From: Jens Axboe <[email protected]>
To: Xiaoguang Wang <[email protected]>,
Pavel Begunkov <[email protected]>,
[email protected]
Cc: [email protected]
Subject: Re: [PATCH v3 1/2] io_uring: avoid whole io_wq_work copy for requests completed inline
Date: Sat, 30 May 2020 07:43:52 -0600 [thread overview]
Message-ID: <[email protected]> (raw)
In-Reply-To: <[email protected]>
On 5/30/20 7:36 AM, Xiaoguang Wang wrote:
> hi,
>
>> On 28/05/2020 12:15, Xiaoguang Wang wrote:
>>> If requests can be submitted and completed inline, we don't need to
>>> initialize whole io_wq_work in io_init_req(), which is an expensive
>>> operation, add a new 'REQ_F_WORK_INITIALIZED' to control whether
>>> io_wq_work is initialized.
>>
>> It looks nicer.

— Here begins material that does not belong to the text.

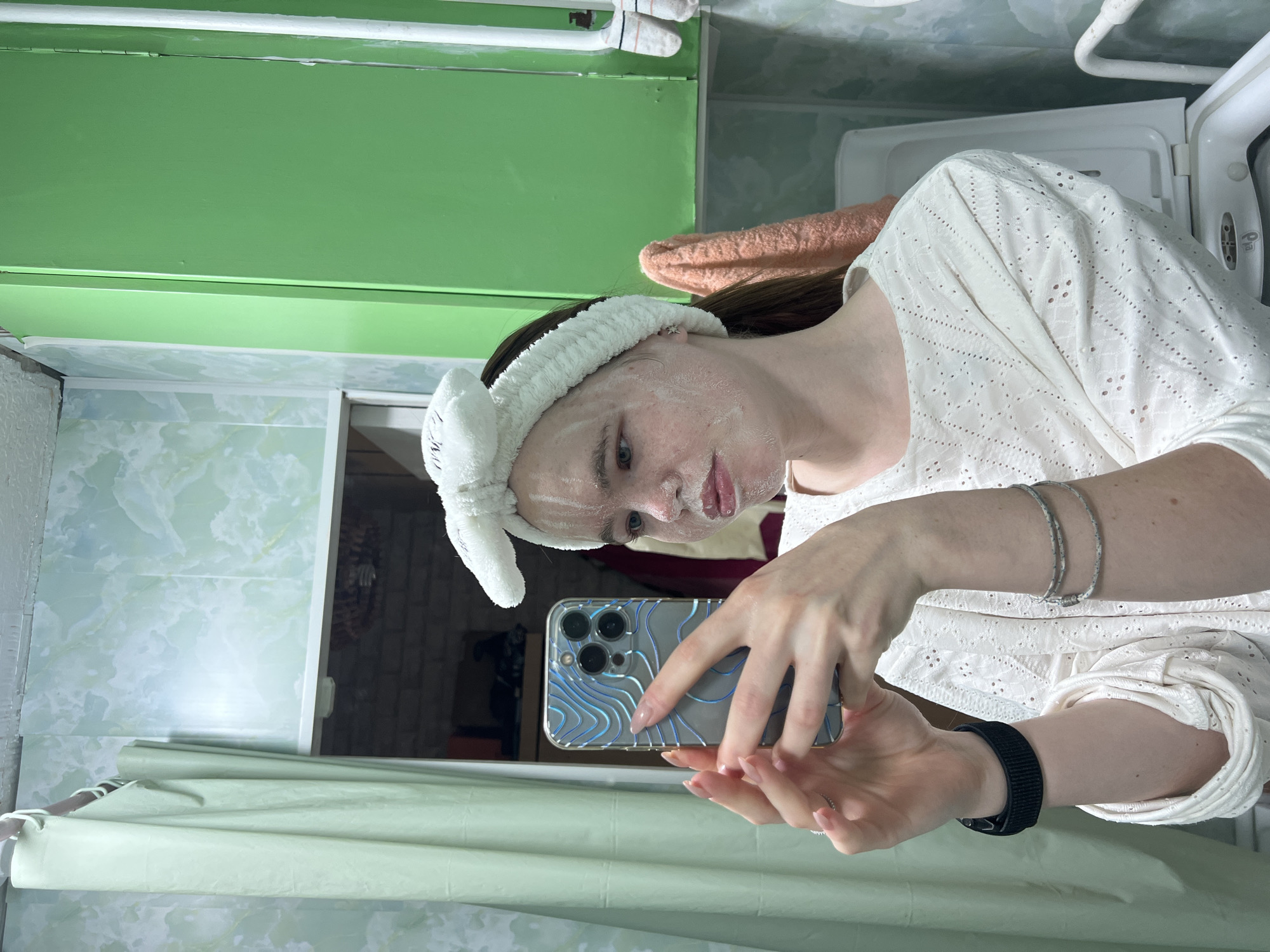 A woman takes a selfie in a bathroom. She is wearing a white shirt with eyelet embroidery and a white headband with bunny ears. She has a face mask on. Her left arm is adorned with bracelets and a black watch band. She is holding a blue-and-silver iPhone in her hands. The bathroom has green-painted cabinets and green-and-white marble-look tiles. An orange towel is draped on the cabinet above the toilet. A washing machine is visible to the right. Based on the request, this location is in the city of Chaikovsky, Russia.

Especially if you'd add a helper as Jens supposed.
> Sure, I'll add a helper in V4, thanks.
>
>>
>> The other thing, even though I hate treating a part of the fields differently
>> from others, I don't like ->creds tossing either.
>>
>> Did you consider trying using only ->work.creds without adding req->creds? like
>> in the untested incremental below. init_io_work() there is misleading, should be
>> somehow played around better.
> But if not adding a new req->creds, I think there will be some potential risks.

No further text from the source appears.